22 Eylül 2008

Sevgili Günlük

Sevgili günlük,
Hava serin, bugün denize girmedim, dün girmiştim. Dün de serin bir gündü. Tek farkla, güneş görünüyordu. Gerçi dün sabah buraya yağmur yağıyorken ben yine de güneşi görüyordum çünkü yağmurların döküldüğü bulutların üzerindeydim. Düşününce hergün güneşli, sadece bazı günler araya bulutlar giriyor. Bulutların olması kötü değil, çünku hep farklı bir görüntü çiziyorlar. Şu andakiler harika mesela...
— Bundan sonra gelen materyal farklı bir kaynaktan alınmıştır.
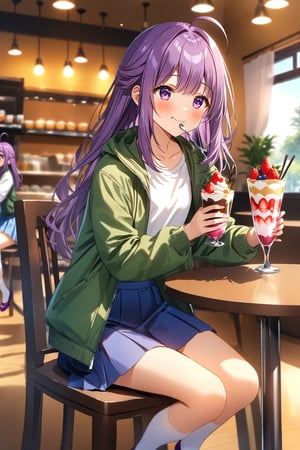 masterpiece, best quality,(1girl), solo,(depth of field),(solo focus),8K,HDR,(ultra high res),(highres),(full body),(perfect lighting),(lens flare),smiles,blush,(KJOANKO),(ahoge),(bangs),(purple hair),(long hair),(purple eyes),(green jacket),(open jacket),(white shirt),(collarbone),(blue skirt),(white socks),(purple footwear),(flats),(cafe),indoors,(table),(eating parfait),(food on table),(holding spoon),(strawberry parfait),(drink),(modern cafe),(led lights),curtains,(sitting on chair)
Bu cihazla yazmak zor. Hem basmak istediğin tuşu ıskalamanın kolay olması hem de varsayılan dil ayarının farklı olması bakımından... Birşey yazmak üzere tuşlara basarken eğer o dildeki bir kelime ile eşleşiyorsa yazdığını o kelime ile değiştiriyor!

Bugün babama 98 yaşındaki müşterimden, hergüne bugün harikayım diyerek başladığından bahsettim. Çok hoşuna gitti, o da kendisini harika hissetti, kum dolu büyük bir kovayı eğilerek taşıyıp taşların arasındaki boşlukları kumla doldurdu ve beli tutuldu.

Okuduğum kitabı bitirdim, sonu daha çok ağlattı. Anneme kitabı anlattım ve neden ağlattığını. Sonra bir film izledik. Filmi izlerken gülmekten annemi öksürük tuttu. Daha önce izlediğim bir filmdi ama ben de güldüm. Babamın beli tutuktu ama o da güldü.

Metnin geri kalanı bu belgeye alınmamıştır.